SANAA, Yemen — Al-Qaida militants seized full control of a town south of the Yemeni capital on Monday, overrunning army positions, storming the local prison and freeing its inmates, security officials said.
The capture of Radda in Bayda province, some 100 miles (160 kilometers) south of Sanaa, underscores the growing strength of al-Qaida in Yemen as it continues to take advantage of the weakness of a central government struggling to contain nearly a year of massive political unrest.
The officials said the militants in Radda threw a security ring around the town, preventing residents from leaving or entering, and killed two soldiers and wounded a third in clashes with army troops.
The fighters pushed into the town from several points they had captured over the weekend, including an ancient castle that overlooks the town, a school and a mosque. They freed 150-200 inmates, including an unspecified number of militants belonging to al-Qaida. The officials said some of the freed inmates joined the militants after they were given arms.
The officials spoke on condition of anonymity because they were not authorized to speak to the media.
Monday's attack prompted stores and schools to close.
Bayda province is a key transit route between the capital and Yemen's southern provinces where the al-Qaida militants are most active. Islamist militants have already seized control of a swath of territory and towns in Abyan province in southern Yemen.

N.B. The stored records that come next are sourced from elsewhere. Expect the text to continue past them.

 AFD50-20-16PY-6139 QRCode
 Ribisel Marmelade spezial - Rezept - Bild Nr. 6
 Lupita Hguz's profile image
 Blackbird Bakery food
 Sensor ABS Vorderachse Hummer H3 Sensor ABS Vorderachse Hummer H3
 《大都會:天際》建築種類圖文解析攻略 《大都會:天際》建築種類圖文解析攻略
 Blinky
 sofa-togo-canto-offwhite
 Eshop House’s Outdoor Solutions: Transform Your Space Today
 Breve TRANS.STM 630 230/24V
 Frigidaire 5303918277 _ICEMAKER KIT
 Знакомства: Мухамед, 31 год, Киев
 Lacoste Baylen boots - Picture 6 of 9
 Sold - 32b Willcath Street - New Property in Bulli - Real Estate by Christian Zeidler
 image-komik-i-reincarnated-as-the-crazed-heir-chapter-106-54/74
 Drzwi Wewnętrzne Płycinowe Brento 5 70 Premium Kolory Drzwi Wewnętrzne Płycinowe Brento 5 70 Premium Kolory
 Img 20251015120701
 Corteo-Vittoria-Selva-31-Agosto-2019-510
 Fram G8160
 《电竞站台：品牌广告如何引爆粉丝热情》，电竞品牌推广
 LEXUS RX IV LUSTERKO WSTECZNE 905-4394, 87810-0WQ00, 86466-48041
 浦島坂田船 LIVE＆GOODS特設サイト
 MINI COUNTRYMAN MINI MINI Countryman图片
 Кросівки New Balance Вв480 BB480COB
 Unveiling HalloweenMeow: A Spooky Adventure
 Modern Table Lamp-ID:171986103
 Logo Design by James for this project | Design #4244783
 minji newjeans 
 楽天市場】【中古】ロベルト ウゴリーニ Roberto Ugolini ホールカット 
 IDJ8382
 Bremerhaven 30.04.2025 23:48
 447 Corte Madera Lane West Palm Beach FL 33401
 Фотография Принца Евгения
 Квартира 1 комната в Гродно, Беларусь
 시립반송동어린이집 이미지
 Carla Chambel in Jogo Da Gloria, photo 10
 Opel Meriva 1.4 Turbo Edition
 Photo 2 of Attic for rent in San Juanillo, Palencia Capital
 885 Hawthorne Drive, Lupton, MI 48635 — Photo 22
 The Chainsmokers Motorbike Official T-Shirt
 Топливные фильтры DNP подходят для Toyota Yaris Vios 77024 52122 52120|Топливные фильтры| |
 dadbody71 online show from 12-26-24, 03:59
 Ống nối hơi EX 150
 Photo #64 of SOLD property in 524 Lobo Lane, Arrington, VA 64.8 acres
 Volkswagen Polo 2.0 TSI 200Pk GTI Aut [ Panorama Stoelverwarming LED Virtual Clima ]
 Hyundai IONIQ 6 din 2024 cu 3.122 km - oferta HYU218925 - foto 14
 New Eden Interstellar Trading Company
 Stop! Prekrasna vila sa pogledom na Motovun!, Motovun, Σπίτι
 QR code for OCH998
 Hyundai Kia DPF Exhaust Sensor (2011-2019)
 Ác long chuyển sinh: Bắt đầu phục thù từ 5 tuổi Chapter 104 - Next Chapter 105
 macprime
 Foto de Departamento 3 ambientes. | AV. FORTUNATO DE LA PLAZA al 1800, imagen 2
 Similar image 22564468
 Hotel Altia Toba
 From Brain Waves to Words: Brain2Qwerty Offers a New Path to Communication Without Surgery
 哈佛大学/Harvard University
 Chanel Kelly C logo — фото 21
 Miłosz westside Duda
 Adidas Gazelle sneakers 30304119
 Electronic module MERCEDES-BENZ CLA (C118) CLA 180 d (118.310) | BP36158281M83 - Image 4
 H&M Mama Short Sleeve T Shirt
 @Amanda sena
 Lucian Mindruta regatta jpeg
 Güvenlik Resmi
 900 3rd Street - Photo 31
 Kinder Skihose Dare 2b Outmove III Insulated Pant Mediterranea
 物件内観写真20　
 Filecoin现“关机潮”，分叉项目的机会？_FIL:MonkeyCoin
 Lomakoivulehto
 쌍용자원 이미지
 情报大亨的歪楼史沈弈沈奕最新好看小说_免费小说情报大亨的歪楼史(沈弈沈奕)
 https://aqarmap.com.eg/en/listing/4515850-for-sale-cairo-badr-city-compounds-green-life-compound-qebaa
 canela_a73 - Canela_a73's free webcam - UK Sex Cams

An Associated Press photographer who visited Radda on Sunday said the militants were armed with rocket-propelled grenades, automatic rifles and other weapons. He quoted residents as saying the black al-Qaida banner has been raised atop the mosque they captured over the weekend.
The security officials estimated the number of militants who attacked the town on Monday at around 200.
Yemen's opposition has accused embattled President Ali Abdullah Saleh of trying to torpedo a power transfer deal he signed last month by allowing security to deteriorate in the south of the country as a way of arguing that he must stay in power, which he has held since 1978.
The United States long considered Saleh a necessary ally in the fight against Yemen's active al-Qaida branch, which has been linked to terror attacks on U.S. soil and is believed to be one of the international terror organization's most dangerous franchises. The U.S. withdrew its support last summer and said he should step down.
Islamist militants began seizing territory in Abyan province last spring, solidifying their control over the town of Jaar in April before taking the provincial capital, Zinjibar, in May.
Yemeni security forces have been trying unsuccessfully to push them out since then in fierce fighting that has caused many casualties on both sides. The conflict has forced tens of thousands of civilians from Zinjibar and the surrounding area to flee, many to the port city of Aden.